Notre-Seigneur a révélé que les plus grandes croix étaient des dons qu'il n'accordait qu'à la faveur de sa très sainte Mère.
Ce sont des faveurs spéciales réservées à ses favoris, qui y ont plus ou moins de part, selon quils en sont plus ou moins aimés.
A-t-on jamais vu de sujet sur lequel la grâce de Dieu se soit épanchée avec plus de libéralité que sur Jésus-Christ ?
Mais, en même temps, y en a-t-il jamais eu sur lequel la justice de Dieu se soit exercée avec tant de rigueur ? Jamais de gloire semblable à la sienne, jamais de croix qui soient égales.
Après Jésus, jamais personne plus aimée de Dieu que la très sainte Vierge, et jamais personne plus dans la souffrance.
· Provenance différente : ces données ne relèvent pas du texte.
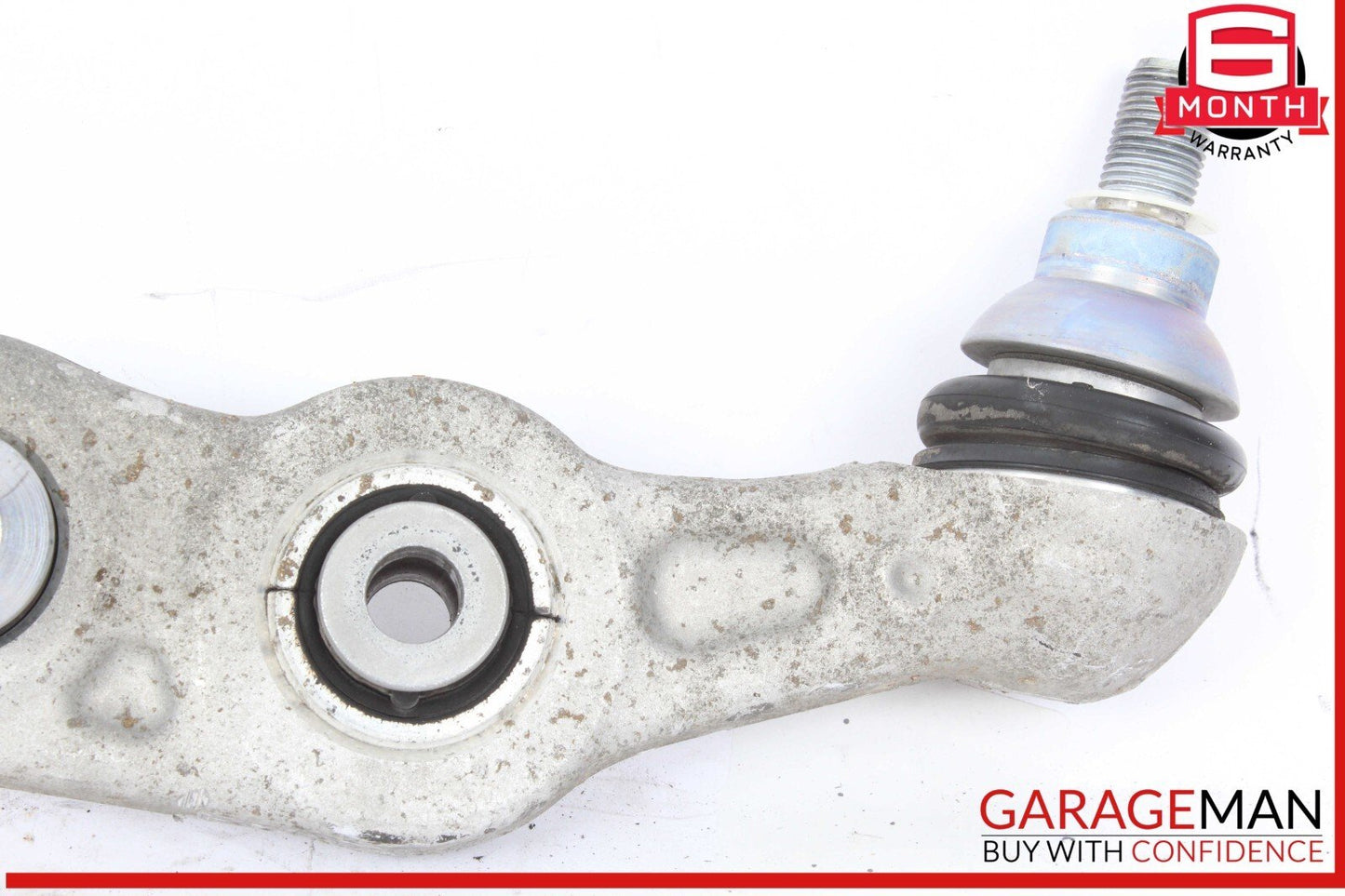 15-20 Mercedes W205 C300 C350e Front Right Side Suspension Lower Control Arm OEM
Cela étant, il est tout clair que nous sommes indignes de l'honneur des souffrances. Nos péchés, disait le P. de Condren, de sainte mémoire, méritaient bien plutôt que nous eussions part aux honneurs du siècle, à ses plaisirs et à ses richesses, et, dans cette vue, il s'écriait qu'il était grandement étonné de n'être pas du nombre de ces gens qui sont glorieux selon le monde, et, de vrai, souvent c'est le partage des réprouvés.
Voyez-vous, disait encore ce saint personnage, le Grand Turc est l'un des plus grands ennemis de Jésus-Christ, et c'est le Seigneur qui a le plus de biens, de plaisirs et d'honneurs.
Les pauvres, dit la bienheureuse Angèle de Foligny, les abjects, les humiliés, ce sont les favoris de Jésus-Christ, qui ont l'honneur d'être assis à sa table et de manger avec lui, étant nourris des mêmes mets ; car le Fils de Dieu a été nourri d'opprobres et de pauvreté.
Le saint homme, le P. Jean de la Croix, le savait bien, lorsque cet adorable Sauveur, lui mettant à son choix de lui demander ce qu'il voulait pour récompense des grands travaux qu'il avait soufferts pour sa gloire :
Seigneur, répondit cet homme admirable, je vous demande seulement de souffrir, et d'être méprisé pour vous.
L'âme, dit sainte Thérèse dans la 6ème demeure du Château intérieur, connaît, avec toutes sortes de vérités, qu'elle ne mérite pas de souffrir pour un Dieu un petit travail, combien plus d'en endurer un plus grand.
Que les personnes de croix prennent donc bien garde à ces vérités, surtout pour ne pas s'en faire accroire, pour ne pas prendre mal à propos une certaine confiance de nature dans leurs états, une complaisance secrète, une estime subtile.